16. A memory comprising: a plurality of memory units, each memory
unit comprising a thyristor to store information, the thyristor
having an anode terminal, a cathode terminal, and a gate terminal,
and wherein the anode terminal is coupled to a first power rail,
the cathode terminal is coupled to a second power rail; a switch
coupled to the gate terminal of the thyristor, the switch
configured to enable a detecting of a state of the thyristor or a
setting of the state of the thyristor; a plurality of memory unit
select lines, each memory unit select line coupled to a switch
enable of the switch in each memory unit of a subset of memory
units, wherein there is one subset of memory units for each memory
unit select line; and a plurality of memory unit detect/set lines,
each memory unit detect/set line coupled to a switch of a single
memory unit in each subset of memory units to a sense device,
wherein the sense device detects the state of the memory unit by
detecting a current on the memory unit detect/set line.

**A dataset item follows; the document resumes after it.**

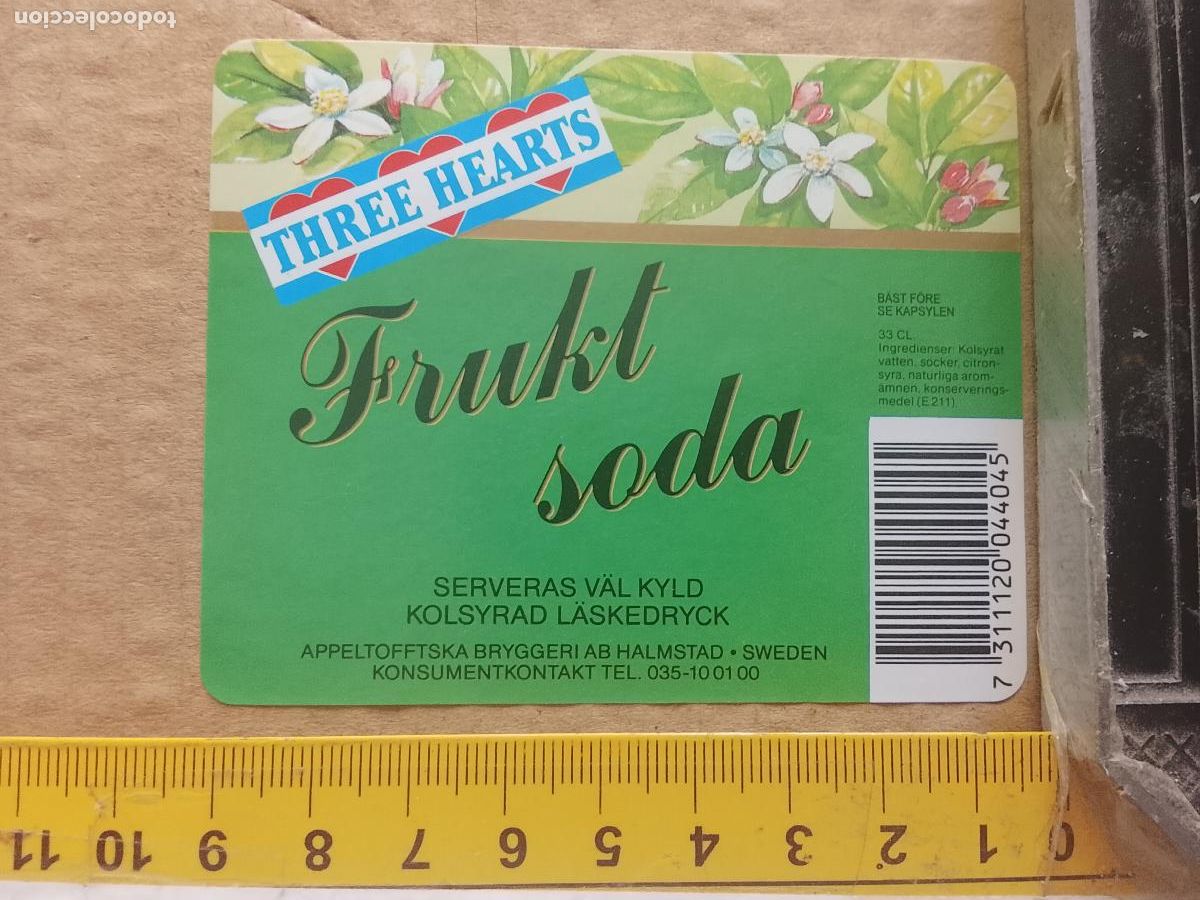 Etiquetas antiguas: ANTIGUA ETIQUETA DE FRONTAL DE BOTELLA BEBIDAS REFRESCOS ZUMOS GASEOSAS - PLANCHAS DE FABRICA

17. The memory of claim 16, wherein the sense device is a
differential mode device, and wherein each memory unit detect/set
line comprises a pair of conductors.
18. The memory of claim 16, wherein the thyristor is a gate
turn-off thyristor, and wherein the gate turn-off thyristor
comprises: a PNP transistor having an emitter terminal, a base
terminal, and a collector terminal, wherein the emitter terminal of
the PNP transistor is coupled to the anode terminal of the
thyristor and the collector terminal of the PNP transistor is
coupled to the base terminal of the thyristor; and a NPN transistor
having an emitter terminal, a base terminal, and a collector
terminal, wherein the emitter terminal of the NPN transistor is
coupled to the cathode terminal of the thyristor and the base
terminal of the NPN transistor is coupled to the base terminal of
the thyristor.
19. The memory of claim 18, wherein the collector terminal of the
PNP transistor is coupled to the base terminal of the NPN
transistor and the collector terminal of the NPN transistor is
coupled to the base terminal of the PNP transistor.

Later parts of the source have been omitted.